许多难民在那个炮火隆隆的夜晚,记住了那保命的三个字“慈联会”(“上海慈善团体联合会”的简称)。1937年8月10日,慈联会和包括上海难民救济协会、仁济善堂、辛未救济会、千佛教净业社等慈善组织一起,加入由上海市社会局牵头成立的“上海市各界抗战后援会救济委员会”。据统计,慈联会管理下的难民收容所前后有65所,到9月时,还有50所。难民前后收容6万余人,9月份随着战事的短暂平息,还有3.4万余人。
尽管已经过去多时,我还清楚地记得那天是2015年5月5日。我收到那本沉重的厚皮相册。经历了将近80年的时光尘封,当我用手触碰它的暗黑色的牛皮封面时,手指就仿佛伸进了那个久远的时代中。在那个有些晦暗的初夏黄昏,封面上的图案在夕阳的微光中显露出来——飞翔在空中的炮弹,乘坐救生艇逃难的人群,左边露出的那座熟悉的建筑,是老上海人最熟悉不过的海关大楼钟楼。一切都定格在封面上,但那些作为装饰的爆炸烟云标明这个地方正遭受战争的浩劫。在封面的右边,写着它原先的主人给这部相册起的名字:“SHANGHAI SHAMBLES:SINO-JAPANESE CONFLICT,1937”(上海修罗场,中日冲突,1937)

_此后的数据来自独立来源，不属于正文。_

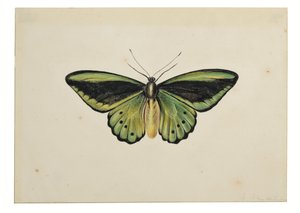 Butterfly, Common Green Birdwing (Ornithoptera priamus)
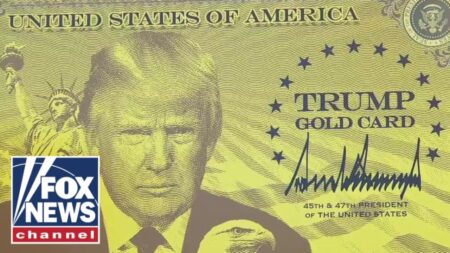 Trump to introduce a MILLION DOLLAR ‘GOLD CARD’ for immigration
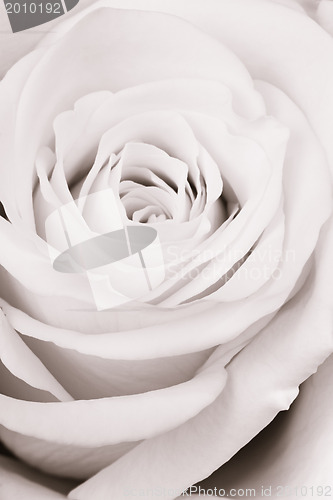 Image of white rose close up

它属于美国海军奥古斯塔号重型巡洋舰的军官所有,相册中94张照片见证了淞沪会战初期惨烈的上海街头。我一张张翻检过去,凝视着照片中那些奔跑的人群,燃烧的建筑,战争的罪恶与丑陋,尽在黑白照片特有的肃穆感中,带给人一种时空错位的幻觉——这些拍摄照片的人是否也因为透过镜头观察战争,而产生了这样一种与近在咫尺的灾难若即若离的错觉?
在为考证这些照片的细节而翻看史料时,我偶然找到一份前赴上海采访的法国记者罗贝尔·汤麦松(Robert Thomson)的记述,他当时正在旅馆卧室的窗口观赏这场战争,并把它称为一场烟火表演。
“现在是夜深时分,那些高射炮发射出来的炮弹,在黑夜中划成红色或蓝色的弧形线条,像流星般散落在城市中。”
这多少让我有种惊呆的感觉,我为他的麻木不仁而震惊,也为他的幸灾乐祸而愤怒——因为那所谓“流星般散落在城市中”的烟火表演的下面,正是成千上万的中国士兵正在与敌军肉搏厮杀,是家园被毁的难民在废墟中辗转哀嚎。
“人类的悲欢并不相通,我只觉得他们吵闹”,鲁迅这句话用在这里,似乎正恰当。不久后,两枚炸弹便落在租界里,虽是误炸,但也是给那些漠视人与人之间联结而丧失共情之心的人的一次警告。四年后,日本偷袭珍珠港,与美英宣战,租界中漏船载酒的浮华幻象,也终于在铁拳的胖揍下现出原形。这一切,未始不是当初欧美各国对日本在远东的肆意妄为姑息养奸所招致的祸患。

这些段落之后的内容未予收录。